> _WHAT TO DO_: Please print, exactly as written, the line containing "Aeenioy Banana Clips" and each line after it through the end of the material; pictures stay out.

> _EXCERPTED DATA_:

================================

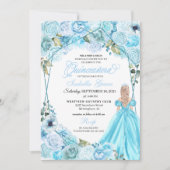 Elegant Sky Blue Floral Quinceanera Kaart (Voorkant)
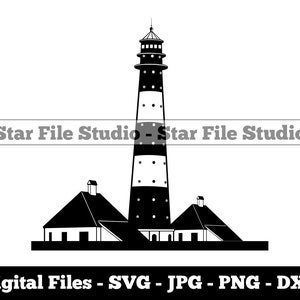 Könnte beinhalten: Schwarz-weiße Silhouette eines Leuchtturms mit einem kleinen Haus auf jeder Seite. Der Leuchtturm hat einen hohen, zylindrischen Turm mit einem spitzen Dach und einer Reihe von Fenstern. Die Häuser haben einfache, rechteckige Formen mit Satteldächern.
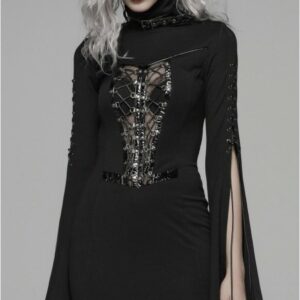 Langes Kleid mit Trompetenärmel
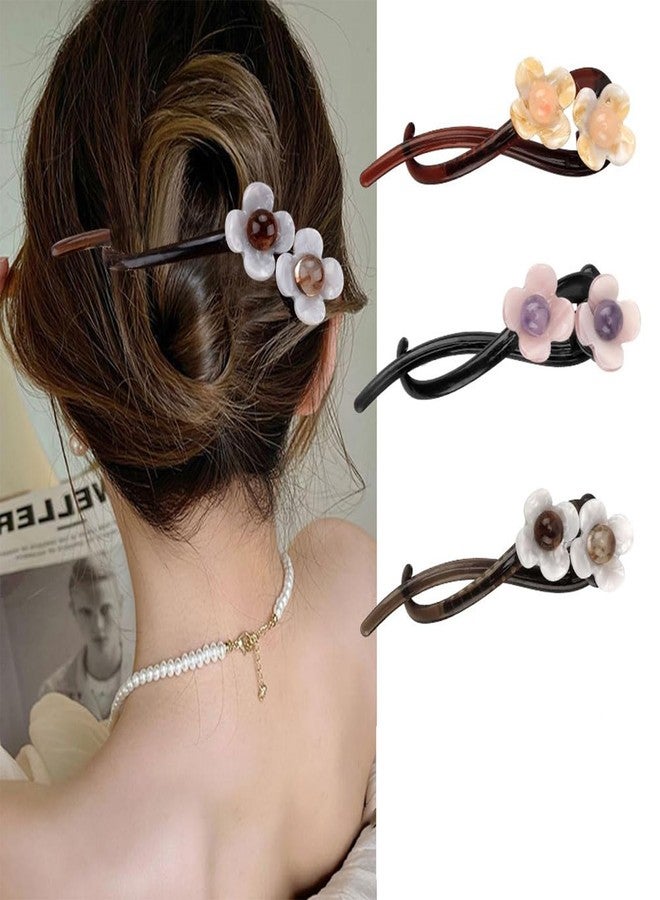 Aeenioy Banana Clips for Hair, 3Pcs Hair Clips for Women, Stylish Flower Hair Clips for Women, Hair Accessories for Casual and Formal Events, Pink, Apricot, Beige - Image 1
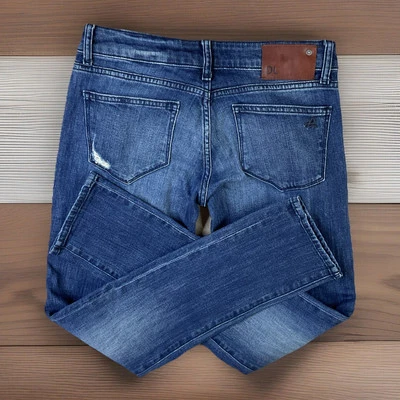 DL 1961 Riley Boyfriend Skinny Jeans DLX Hybrid 360 Nassau Blue Women Sz 24x29 - Image 1 of 4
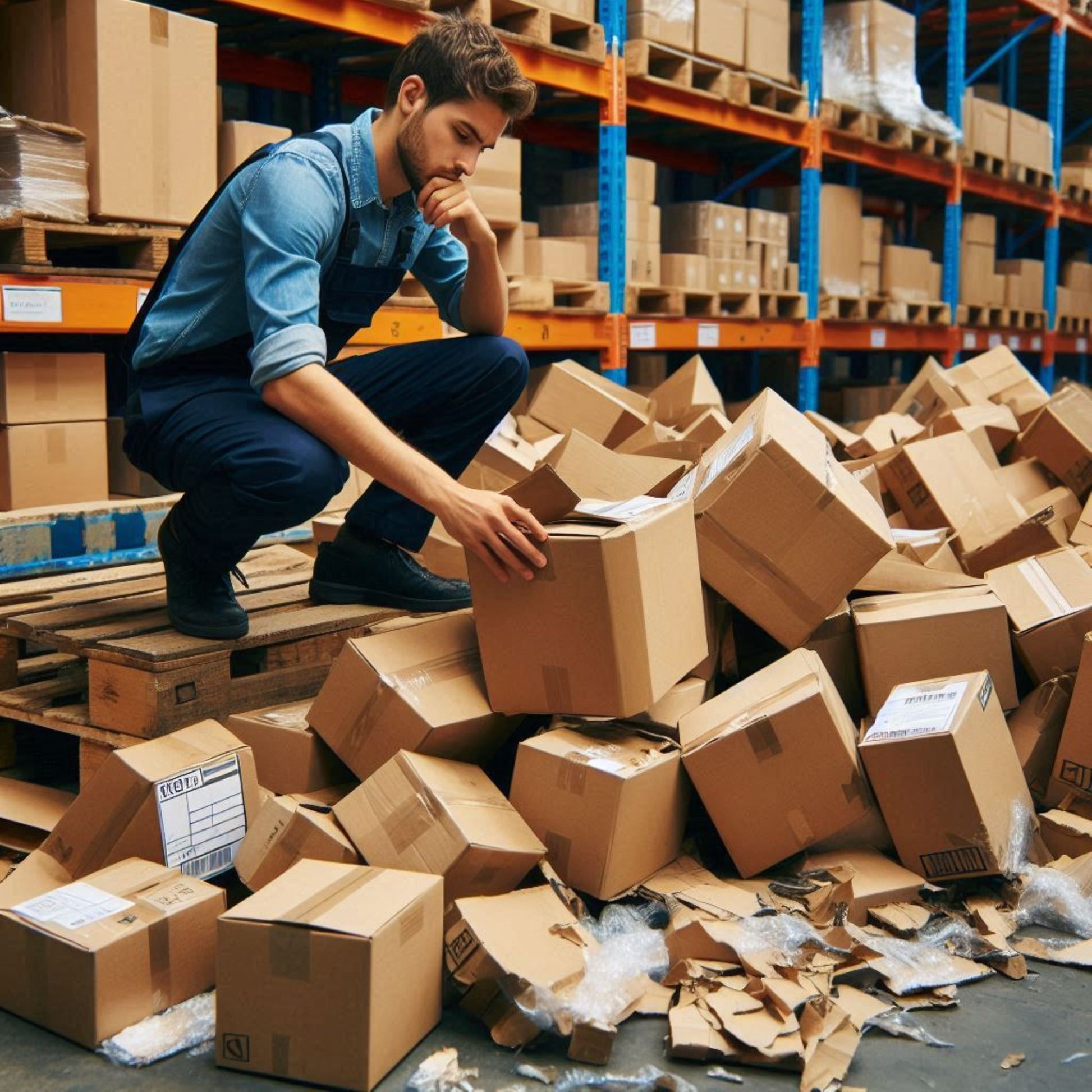 <Young bearded warehouse operator dressed in blue sorting and reprocessing a pile of damaged boxes containing dietary supplements that have fallen off a pallet. Credit> Freepik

================================

> _ANSWER BELOW_:
 Aeenioy Banana Clips for Hair, 3Pcs Hair Clips for Women, Stylish Flower Hair Clips for Women, Hair Accessories for Casual and Formal Events, Pink, Apricot, Beige - Image 1
 DL 1961 Riley Boyfriend Skinny Jeans DLX Hybrid 360 Nassau Blue Women Sz 24x29 - Image 1 of 4
 <Young bearded warehouse operator dressed in blue sorting and reprocessing a pile of damaged boxes containing dietary supplements that have fallen off a pallet. Credit> Freepik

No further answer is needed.